→ **ASSIGNMENT**: Leaving the images aside, transcribe all the data below exactly.

→ **DATASET EXCERPT**:
+ + + + + + +

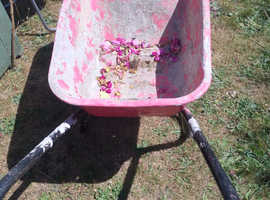 Wheel barrow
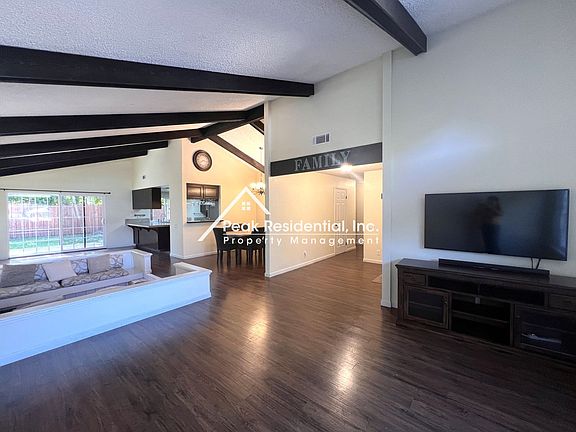 3rd image of 5541 Walnut Ave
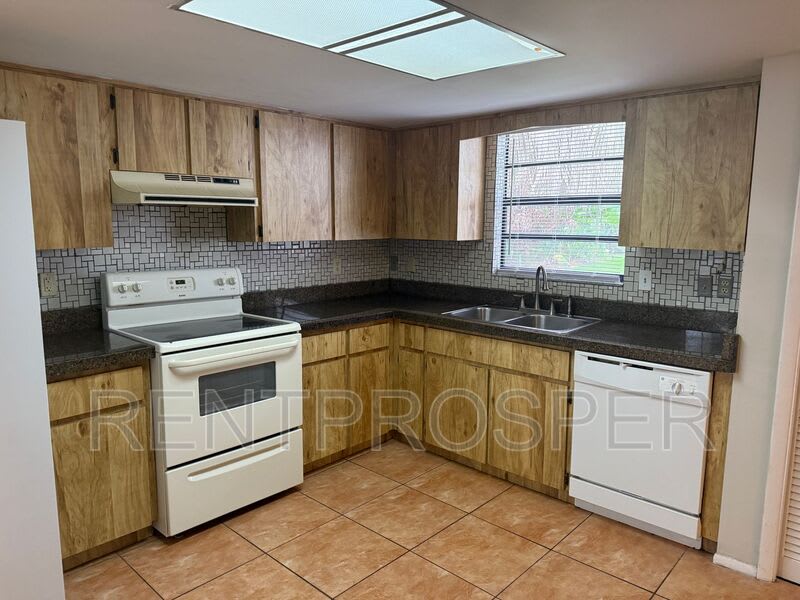 113 S Deerwood Ave – photo 3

+ + + + + + +

→ **WRITTEN ANSWER**:
 Wheel barrow
 3rd image of 5541 Walnut Ave
 113 S Deerwood Ave – photo 3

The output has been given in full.